StAwesome wrote:holy crap, i freaking love you. THIS is what im talking about. i wanted you in the thread because i wanted, no matter the persuasion, an opinion coming from a female, and here not only did we get one, but we got one that totally kicks ass.
rawkergirl wrote:I've heard some people complain about Adam calling her "lady" or Anthony calling her "princess." I don't understand this complaint either. It's just a nickname. I have a close friend that I consistently call "dork." Am I actually insulting him? Not really. It's just a joke. A joke he understands and doesn't get offended by. That's the kind of vibe I get from Adam calling Samus "lady", etc.
SEGAsbest wrote:mariomaniac45213 wrote:Bayonetta
Bayonetta is not sexist, she is quite a badass in the game and kicks a ton of demon ass. Something I do not like is "sexy" game characters being lumped into sexism (the belief that one gender is inferior to the other). Men like the female figure, it isn't sexist, it's realism and it will never change so trying to act like it will is just foolishness.
I personally like sexy female characters (Bayonetta being a prime example), I may prefer games with female leads based off of this in fact. I don't really see an issue with it, I often pick Eileen in Virtua Fighter because I think she is a pretty character and before anybody inquiries, yes I do have a girlfriend and I am not a 30 year old man who lives at his mother's.
I am a nineteen year old man who lives at his mother's, that's an 11 year difference.
rawkergirl wrote:Maybe, but we don't know any backstory regarding the Galatic Federation. For all we know, females may have their own section of the GF and Samus was just the odd one out because she was a part of Adam's group (instead of being a part of the female division). There really wasn't enough information given to truly say if it was sexism or just a plot hole.

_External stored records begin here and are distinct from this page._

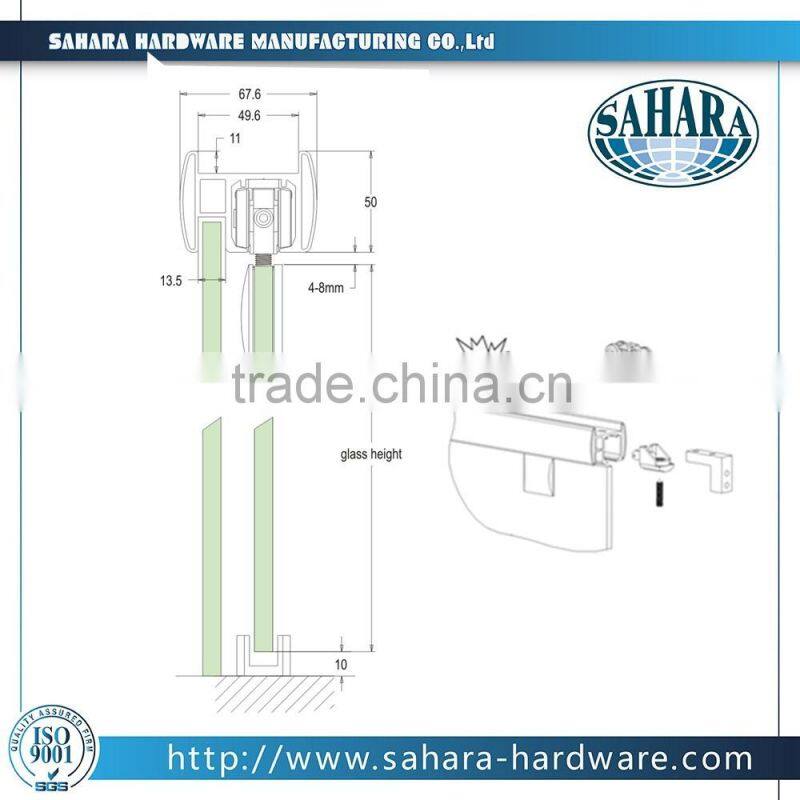 Max door weight 150kg super silence square glass shower hanging sliding door wheels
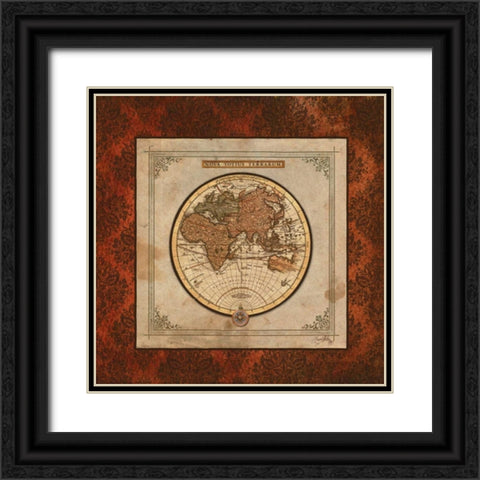 Red Damask Map II Black Ornate Wood Framed Art Print with Double Matting by Medley, Elizabeth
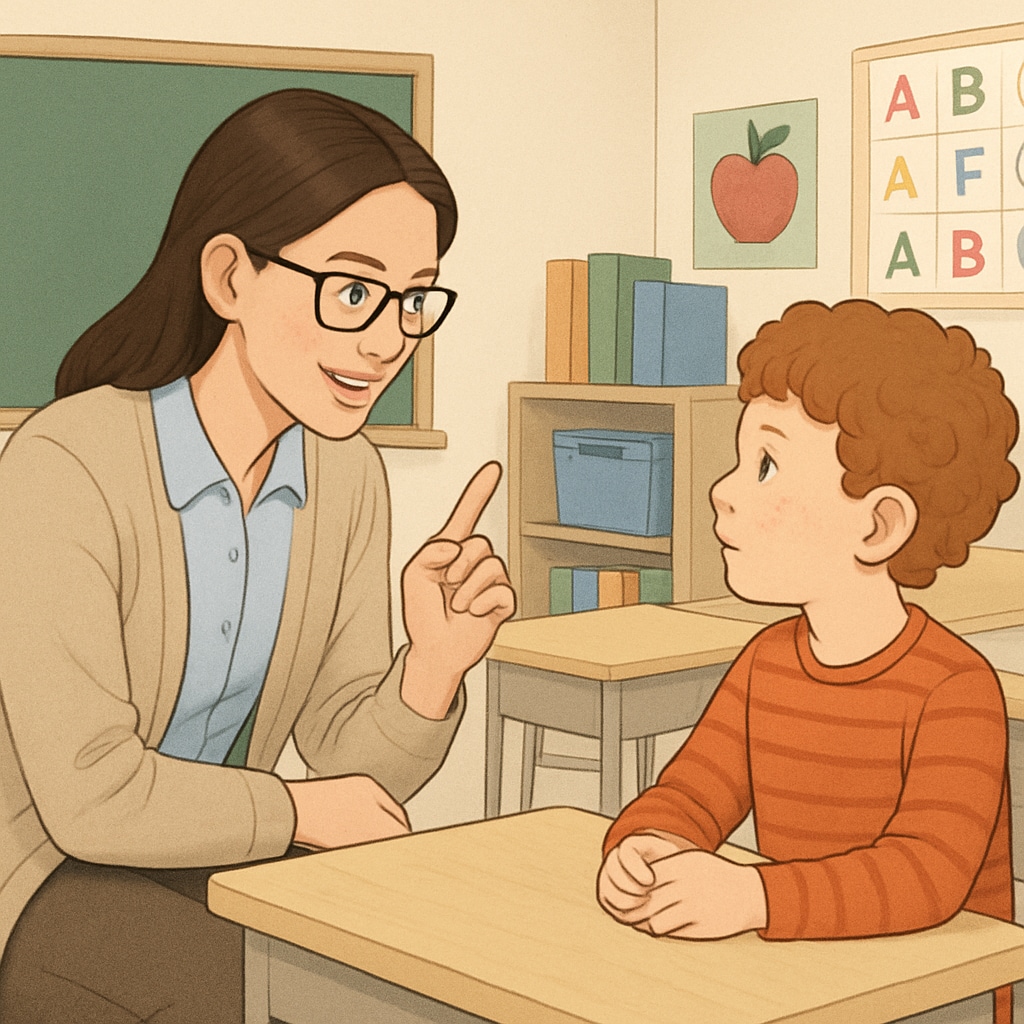 Teacher assistant working with a child with autism spectrum disorder in a classroom.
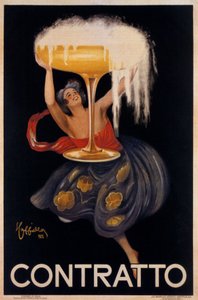 Werbeplakat für den Sekt „Contratto“: eine kleine Fee, ein Elf, der eine riesige Tasse hebt. Illustration von Leonetto Cappiello (1875-1942) 1922
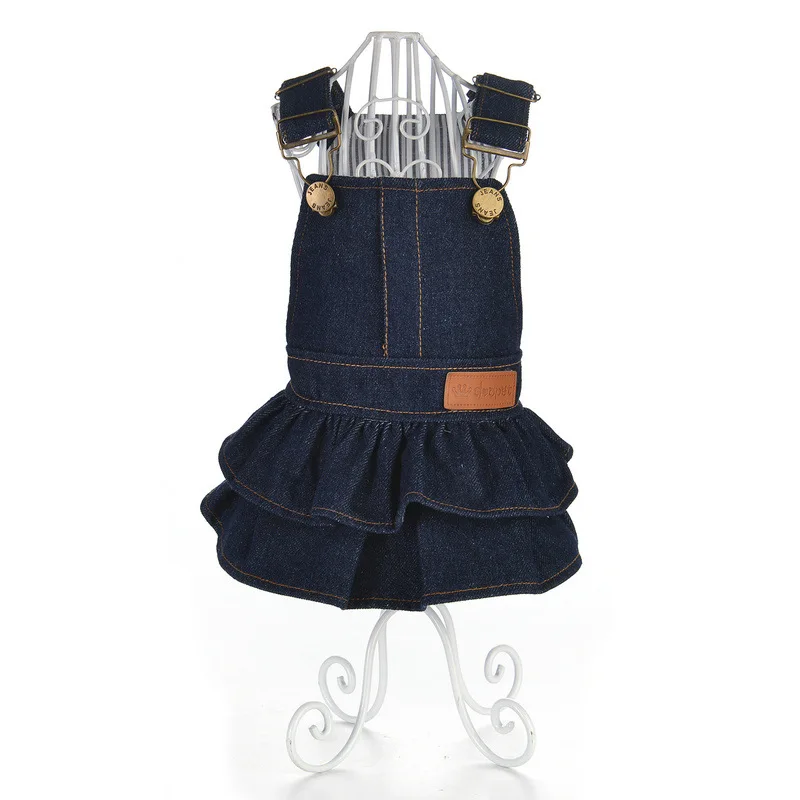 2019 джинсовое платье для собак летняя одежда модная кошек джинсовая юбка с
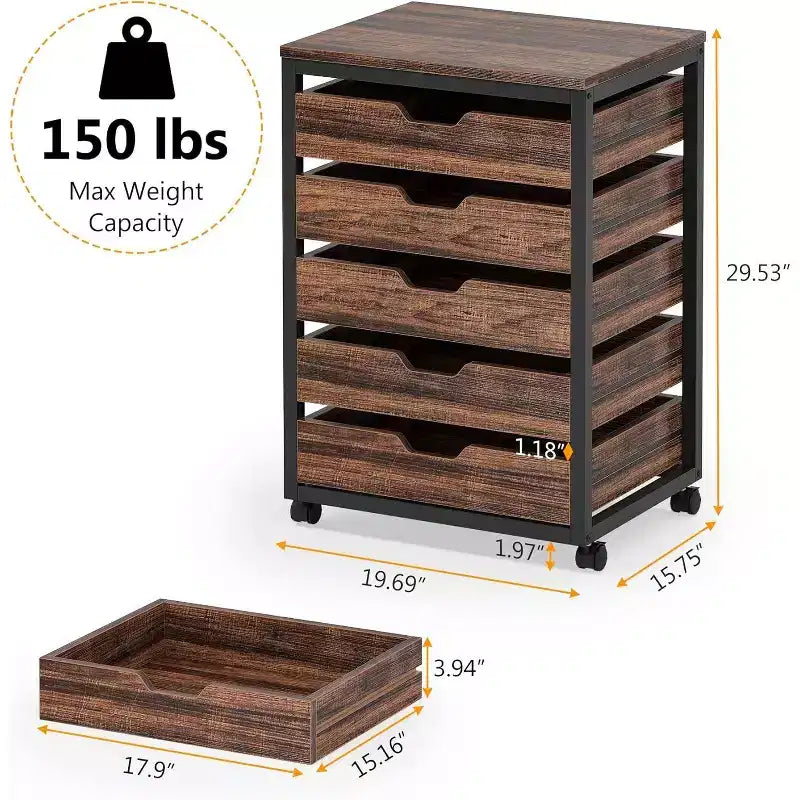 Commode de rangement à 5 tiroirs, meuble de rangement en bois avec roulettes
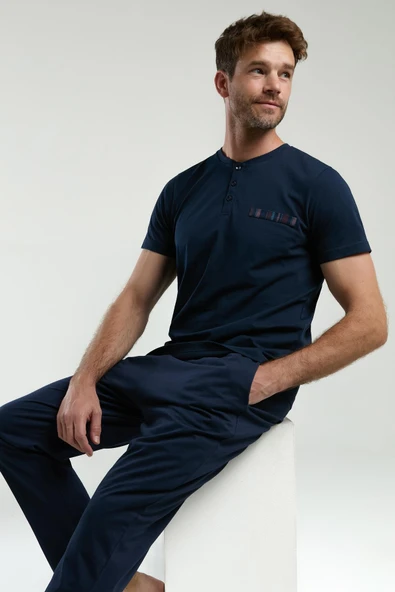 Arnetta Erkek Kısa Kollu Düğmeli Hakim Yaka Şortlu 3'lü Pijama Takım - 6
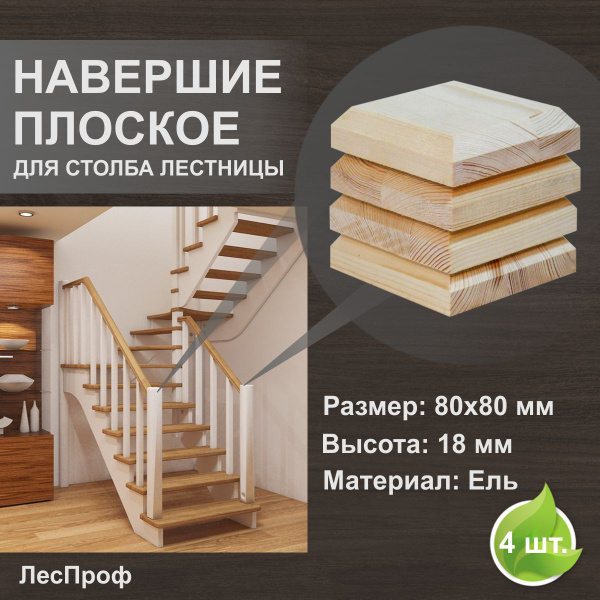 Крышка для столба лестницы (Навершие) 90х90х18 мм. Комплект 4 шт. Хвоя ...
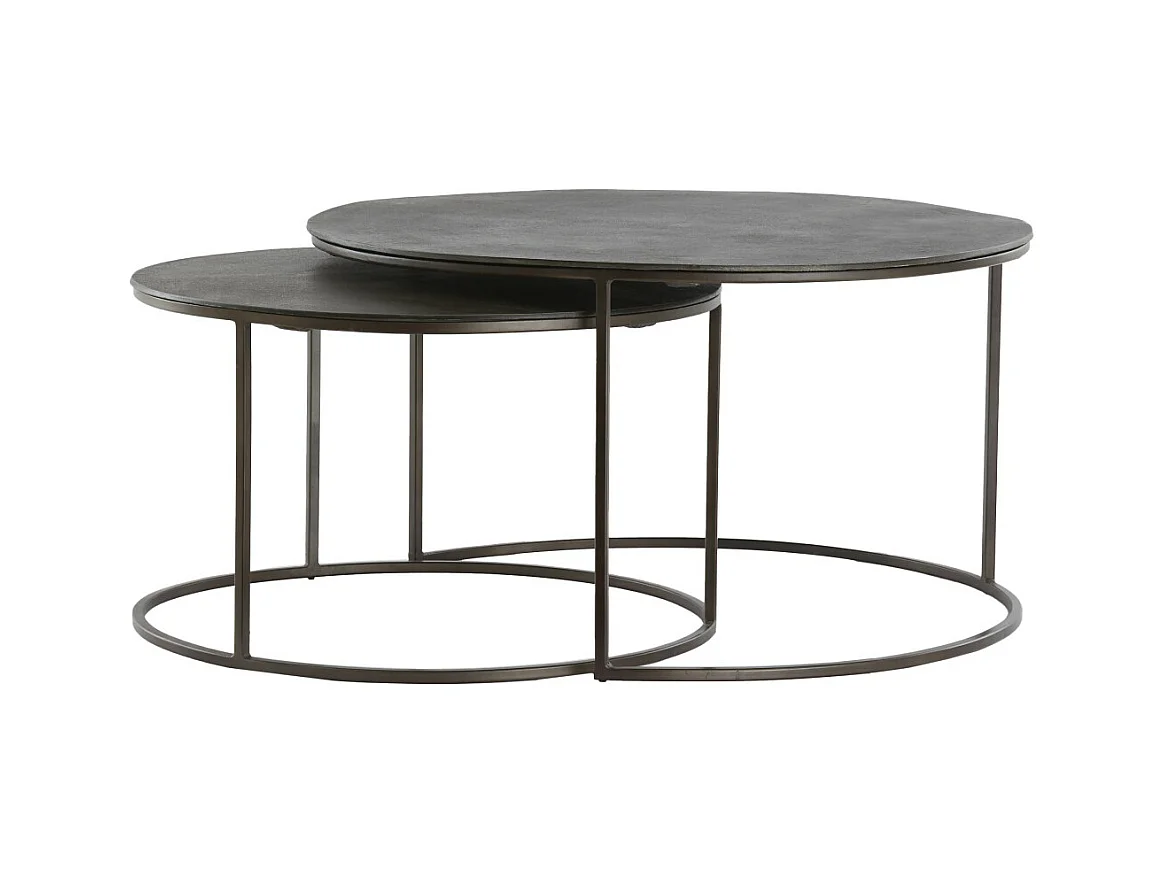 Table basse TALCA - Ø76x41cm - Marron - Lot de 2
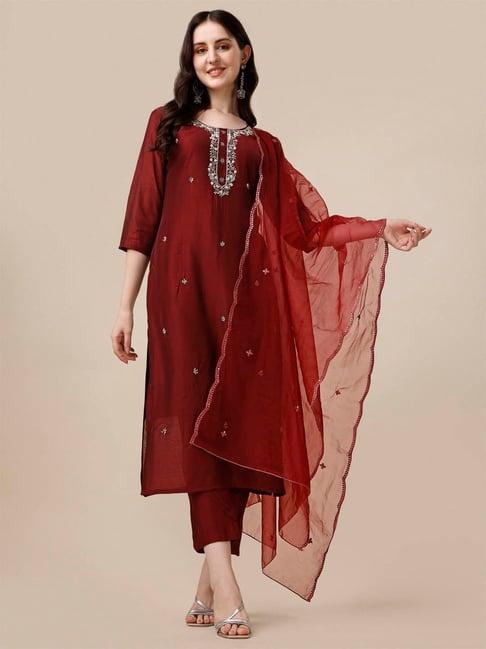 berrylicious maroon chanderi embroidered kurta with pants & dupatta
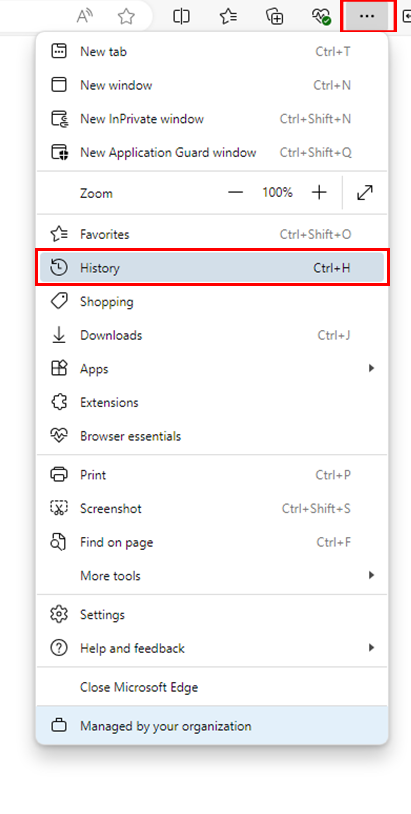 history button in the middle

Other than that one area, I didn't really see sexism anywhere. Samus obeyed Adam's orders because she agreed to cooperate with his team on this mission. With him being the leader, it only makes sense that she would submit to his orders. If she hadn't, people would've complained about her trying to hard to be a rebel. Either way, she loses. I've heard some people complain about Adam calling her "lady" or Anthony calling her "princess." I don't understand this complaint either. It's just a nickname. I have a close friend that I consistently call "dork." Am I actually insulting him? Not really. It's just a joke. A joke he understands and doesn't get offended by. That's the kind of vibe I get from Adam calling Samus "lady", etc.
Nintend()\/\/|\|312 wrote:However, what struck me as strange was that instead of Samus handling Adam calling her a "lady" with a mix of apathy and resentment, she said that she was flattered that Adam called her "something as delicate as a lady." I think it was the fact that Samus liked the idea of being "delicate" is what really put people off. Nothing shatters a person's bad-ass image faster than him/her enjoying the prospect of being "delicate".